If wearing ripped jeans doesn’t set off a tirade of abuse and corny jokes at any family event, what would your grandparents think of the latest designer trend of ‘ugly trainers’. With brands such as Balenciaga and Gucci sending pre-muddied, distressed sports trainers fit for your school’s lost property bucket down their catwalks, is it time we reconsider blind brand loyalty?
Balenciaga’s sold out ‘Triple S’ trainers retail at £595, and appear to be a perfect combination between a pair of soiled hiking boots and your dad’s oldest pair of gym trainers. Yet despite looking like they should also come smelling of old socks, causing mass amusement and mock online, the model is continually sold out, fetching almost double their retail value on reselling sites.
Yet it is also brand of the moment Gucci that has similarly cashed in on the ‘Dad’ nomcore trend with their ‘Ryton’ trainer. Their chunky, scuffed, yellowing trainers are yet another example amongst the likes of Lanvin, Raf Simons and Yeezy to cash in on the moment.

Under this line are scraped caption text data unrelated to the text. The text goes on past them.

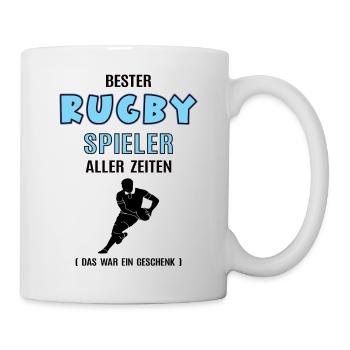 Rugby Spieler Bester Rugbyer Geburtstag Rugbyspiel - Tasse - Weiß - Rechts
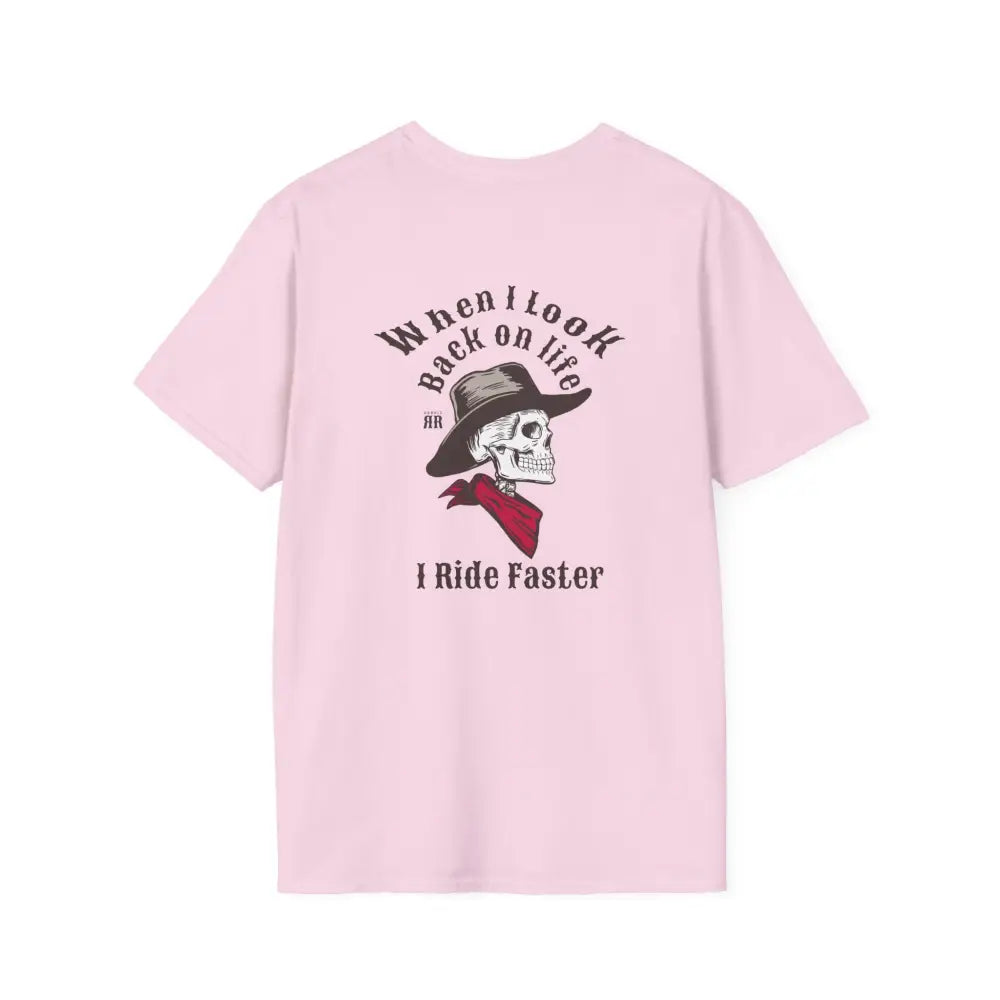 ’Ride Faster’ - Double R Western’s™- Soft Style T-Shirt - S / Light Pink - T-Shirt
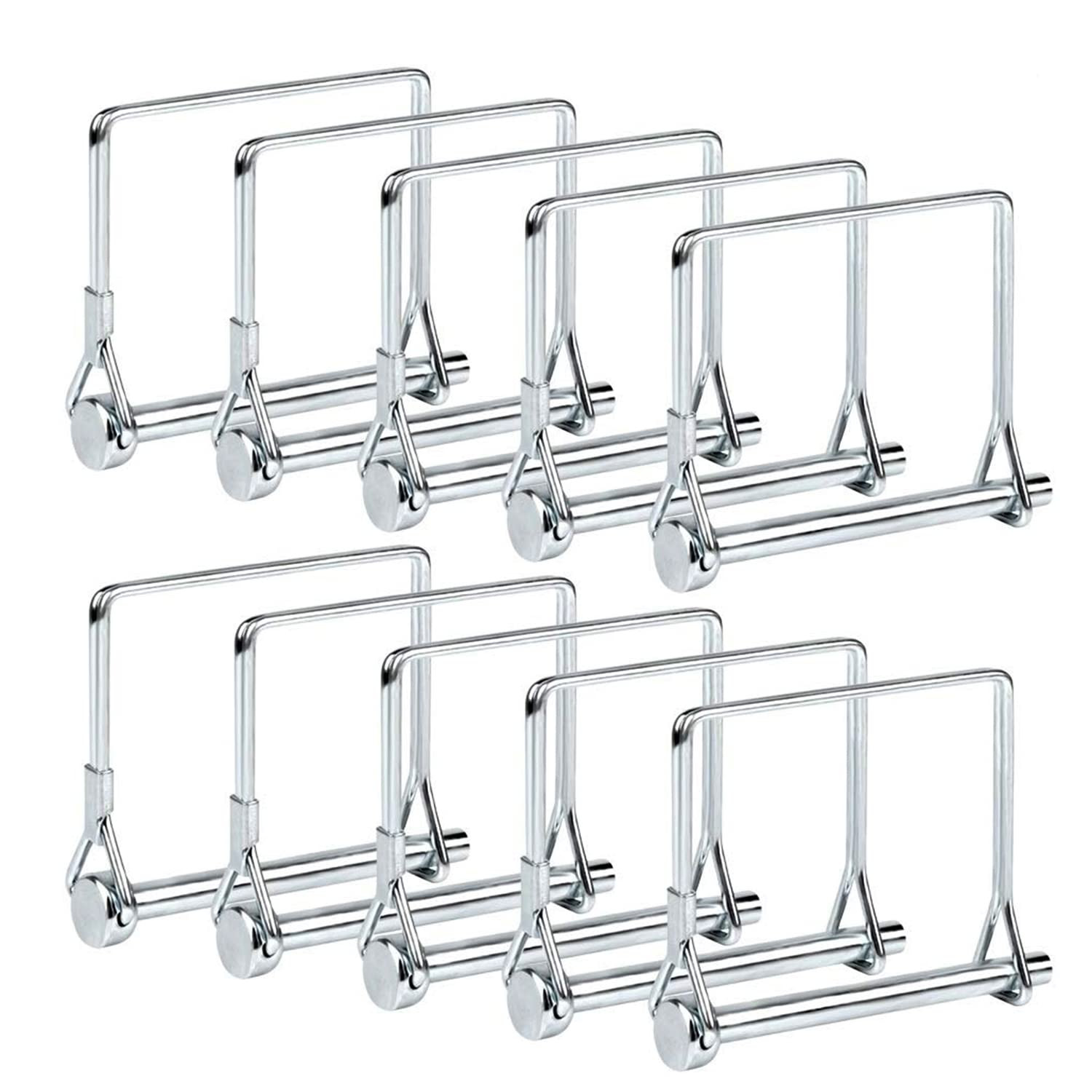 10 Pack Heavy Duty 1/4X4 Inch Trailer Coupler Pin Wire Lock Pin PTO Shaft Hitch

The hefty looking runners mimic what you might slip on to take the bins out, and in the process, thousands of Dads in wide leg jeans and stained t-shirts have unwittingly become fashion’s latest dystopian muse, being resold to fashion followers at £675. But what makes these luxury models any more desirable than the likes of the notorious Lonsdale scuffed trainers found in every local sports direct or the unbranded Primark trainer?
The popularity of these ‘ugly trainers’ is just further evidence to show how designer fashion has become a world of ironic references and deep-set brand loyalties, whilst also moving toward a much more daring and individual aesthetic. If Fallowfield is anything to go by, the muddy trainer trend is something which is here to stay, and appears the catwalks of Paris have been similarly inspired by the mass of muddy reeboks found on every magic bus.
Whatever the outcry, these bold, extreme models don’t seem to be disappearing anytime soon.